### Supplied information ###

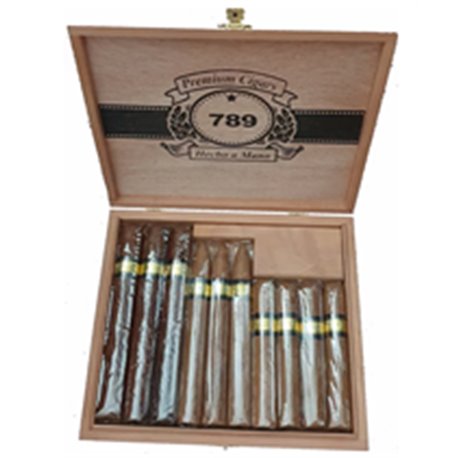 789er Sampler Box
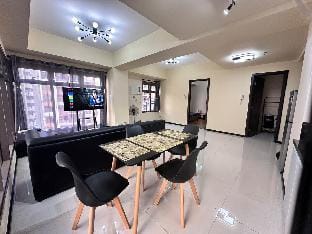 The Horizon Executive unit The Radiance Manila Bay Apartment in Pasay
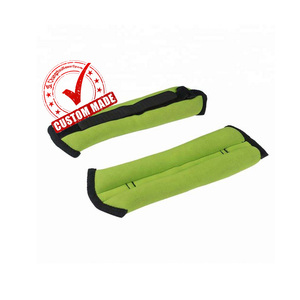 Tùy Chỉnh Yoga Pilates Chạy Phòng Tập Thể Dục Tập Thể Dục Neoprene Cát Có Thể Điều Chỉnh Mắt Cá Chân Cổ Tay Trọng Lượng 1Kg 0.5Kg 2Kg 2.5Kg Cho Thể Thao Đào Tạo - Product Image 4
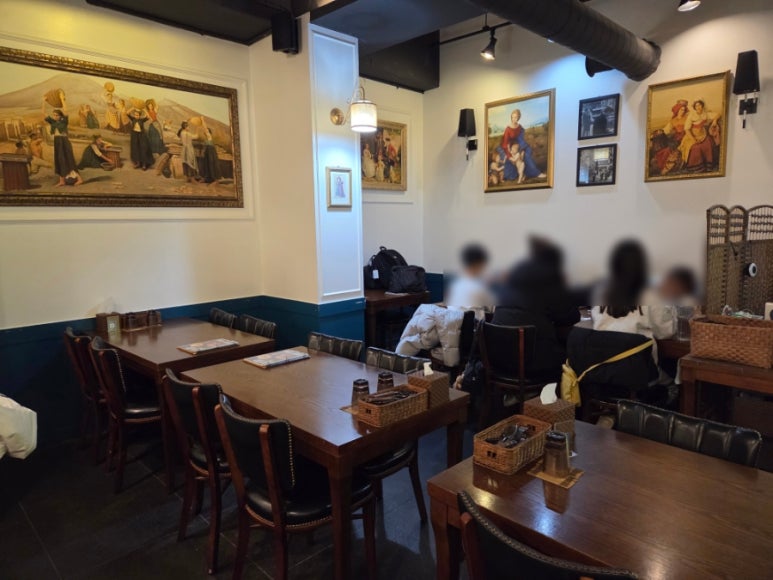 경성함바그 명동점 사진 5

###

§ Work item: Where a picture appears, skip it and copy the rest of the data word for word.

§ Response below:
 789er Sampler Box
 The Horizon Executive unit The Radiance Manila Bay Apartment in Pasay
 Tùy Chỉnh Yoga Pilates Chạy Phòng Tập Thể Dục Tập Thể Dục Neoprene Cát Có Thể Điều Chỉnh Mắt Cá Chân Cổ Tay Trọng Lượng 1Kg 0.5Kg 2Kg 2.5Kg Cho Thể Thao Đào Tạo - Product Image 4
 경성함바그 명동점 사진 5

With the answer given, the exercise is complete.